Additional Macbeth Resources

Product Description

This Owl Eyes Dialogue Analysis activity for Macbeth gives students an opportunity to practice examining and analyzing passages from one of Shakespeare’s most popular plays. This worksheet focuses on the essential role of diction (word choice) in creating mood and subtext in each scene, developing characters, and establishing events in the plot. The main components of this activity include the following:

  • A contextualized summary of the selected passages
  • A selection of excerpts for examination
  • A table with scaffolded question progression
  • A step-by-step guide to activity procedure
  • A complete answer key

In completing this activity worksheet, students will be able to analyze passages of dialogue to identify the speaker’s character traits, conflicts, and motivations as well as determine how diction creates mood.

Skills: character analysis, drawing inferences from text, interpreting diction for connotative meaning

About This Document

The unforeseen, inexorable consequences of ruthless ambition is a frequent theme in Shakespeare’s tragedies, but in none of them is the theme more prevalent than in Macbeth. A courageous general and Scottish nobleman loyal to King Duncan, Macbeth succumbs to personal ambition to steal the crown. Spurred on by his cold, calculating wife, Lady Macbeth, and by the deceptive prophecies of three witches, Macbeth murders Duncan, assumes the throne of Scotland, and subsequently commits other vile, murderous acts to remain king.

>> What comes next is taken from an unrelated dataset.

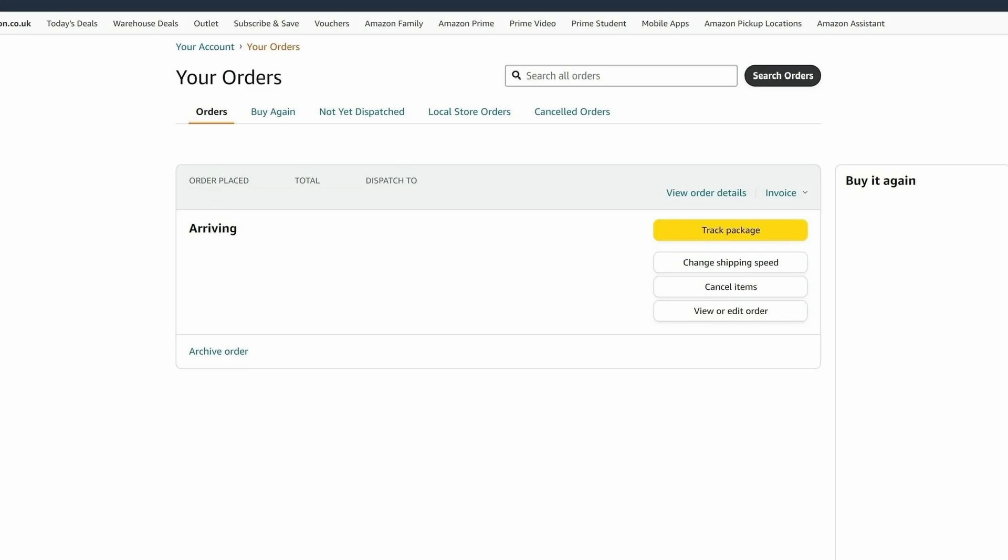Click on view order next to the order you want to cancel. Click on cancel items, select the items you want to cancel, provide a reason if prompted, and click on cancel selected items.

Macbeth’s initial corruption as he is tempted and then overwhelmed by ambition is the subject of act I. In several brief scenes, Shakespeare establishes how Macbeth’s desire for the crown is aroused, how the thought of murdering Duncan initially repels him, and why he ultimately commits to killing the king; in these scenes, the characters of Macbeth, Lady Macbeth, Duncan, and Banquo (Macbeth’s peer and a fellow general) are introduced.